**What the task requires:**
Write out only the lines from the start of the entries up to and including the line with "I'm going to play"; please skip the pictures.

Saved entries

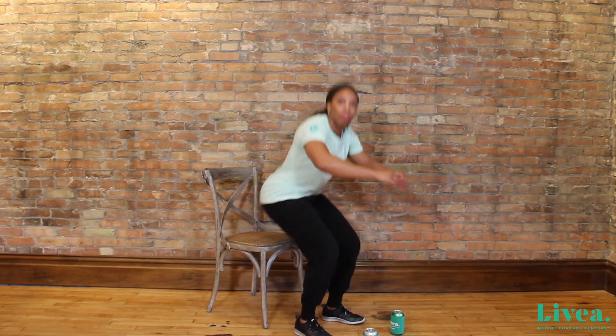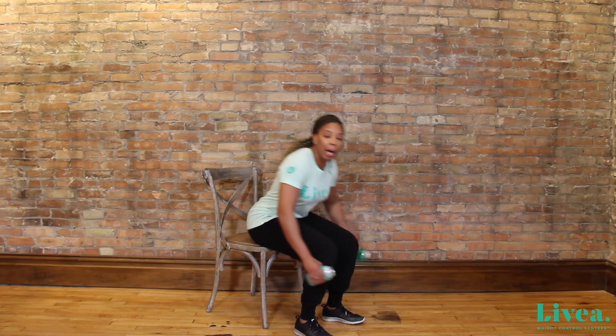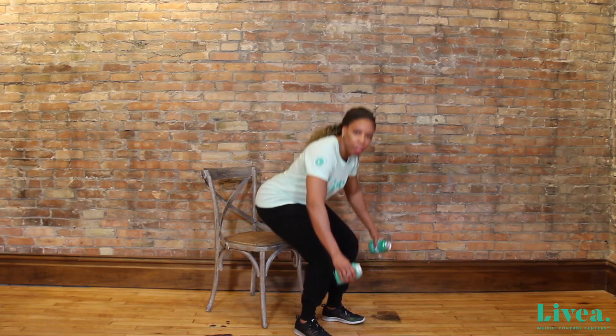Now, if I want to make this exercise a little bit more advanced, I can always add some cans or some dumbbells. Just keep them at your sides and then again, you can sit down in the chair and up and down. This will make it a little bit harder for you to do.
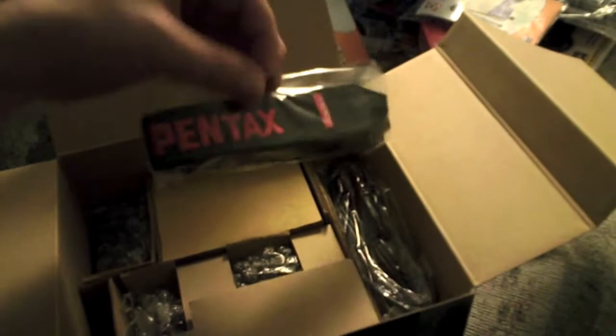Looks like we get our Pentax strap, and the camera itself, along with all the cords you'd need — there's a USB cable and an HDMI cable in here too, plus standard AV audio-video cables. There's another battery in here as well, so that actually gives me three high-capacity 2800mAh batteries. I'm going to have plenty of batteries to shoot with.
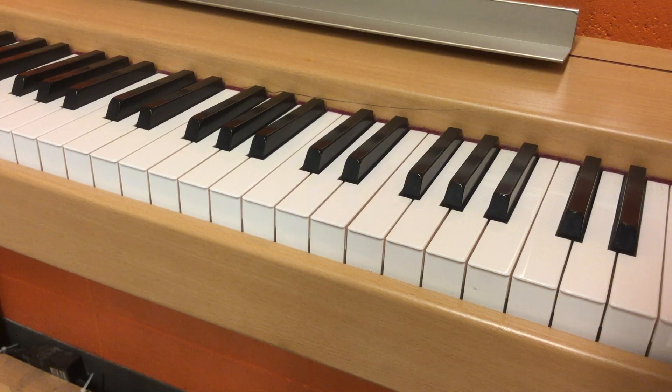I'm going to play two notes, and I want you to tell me if the second note is higher or lower than the first note. If it's higher than the first note, you should be writing sharp. If it's lower than the first note, you should be writing flat. I might try and trick you and play the same note twice, in which case you should be writing natural. Alright, here we go.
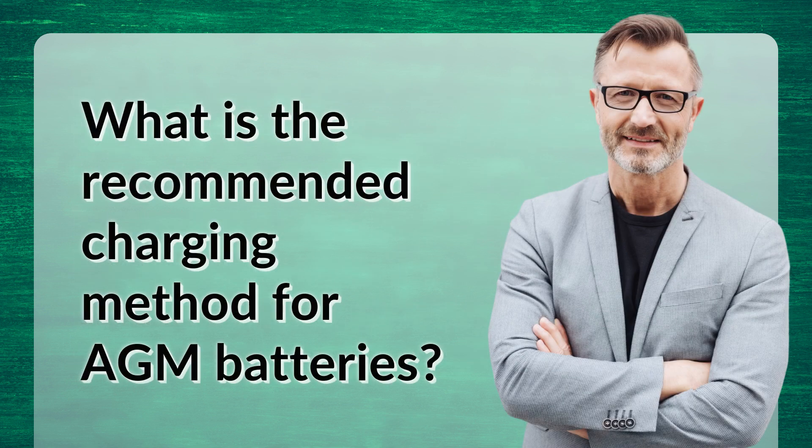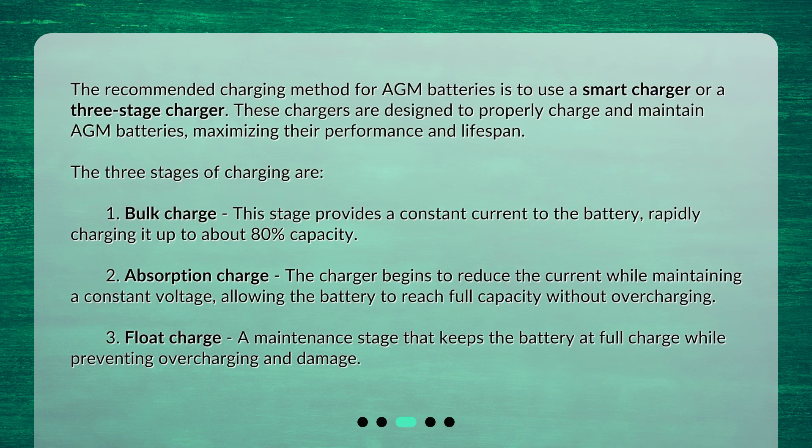What is the recommended charging method for AGM batteries? The recommended charging method is to use a smart charger or a three-stage charger. These chargers are designed to properly charge and maintain AGM batteries, maximizing their performance and lifespan.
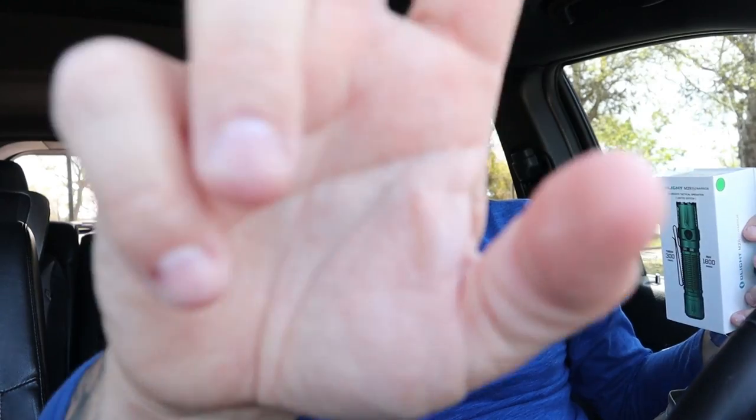Be the cool kid on the block and get your Olight tonight. I love you guys, we'll see you soon. A couple of videos coming up hopefully this weekend — it's been a little crazy, but we'll finish up the month strong. See you guys soon, love you, peace.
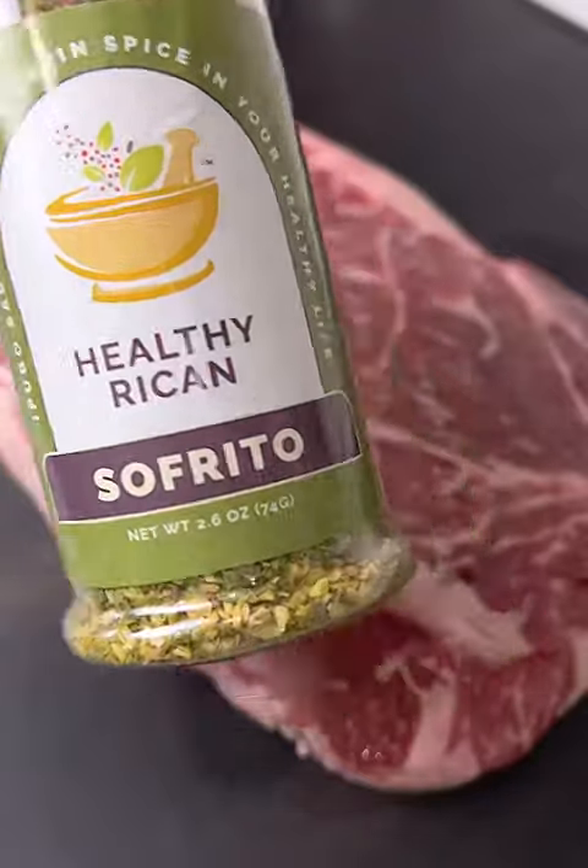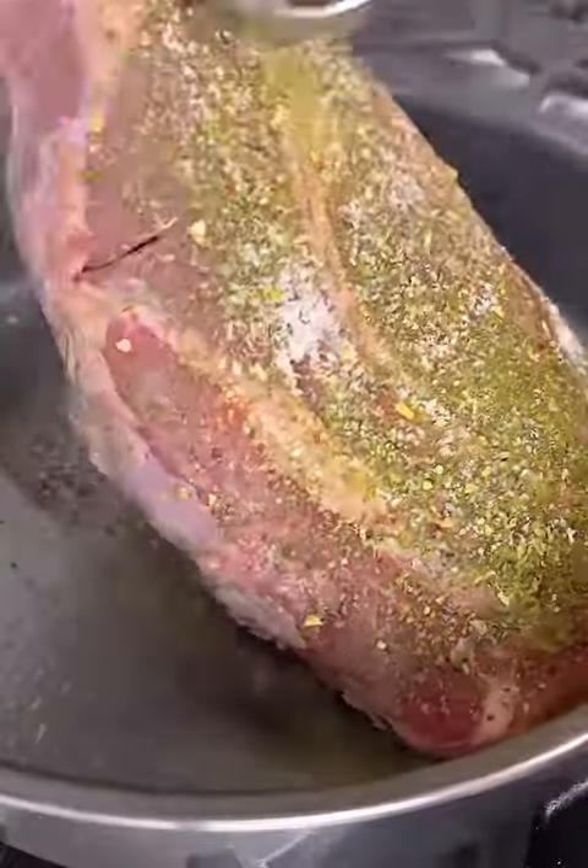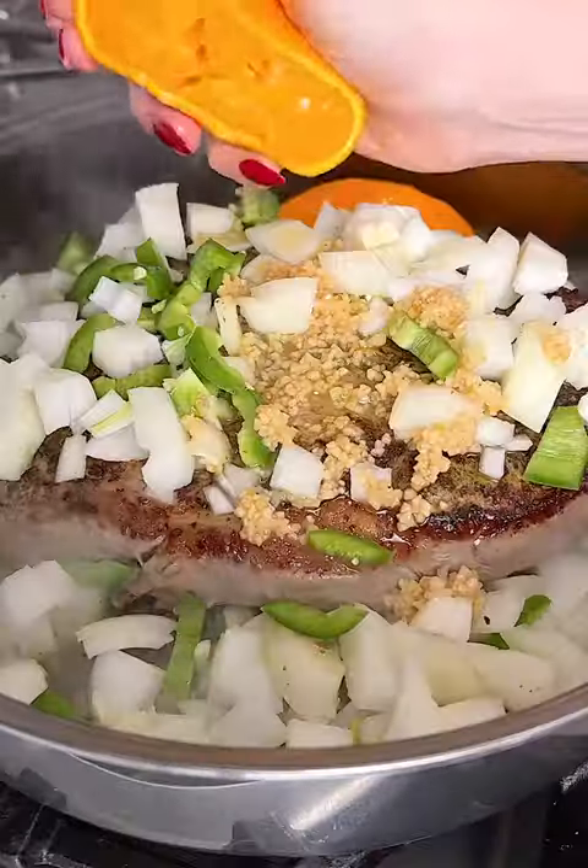Where are my taco lovers at? Today we have some pulled beef tacos and we are using healthy rican sofrito seasoning. This is the main seasoning for the entire dish — it packs a really great flavor.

**Output of the task:**
Now, if I want to make this exercise a little bit more advanced, I can always add some cans or some dumbbells. Just keep them at your sides and then again, you can sit down in the chair and up and down. This will make it a little bit harder for you to do.
Looks like we get our Pentax strap, and the camera itself, along with all the cords you'd need — there's a USB cable and an HDMI cable in here too, plus standard AV audio-video cables. There's another battery in here as well, so that actually gives me three high-capacity 2800mAh batteries. I'm going to have plenty of batteries to shoot with.
I'm going to play two notes, and I want you to tell me if the second note is higher or lower than the first note. If it's higher than the first note, you should be writing sharp. If it's lower than the first note, you should be writing flat. I might try and trick you and play the same note twice, in which case you should be writing natural. Alright, here we go.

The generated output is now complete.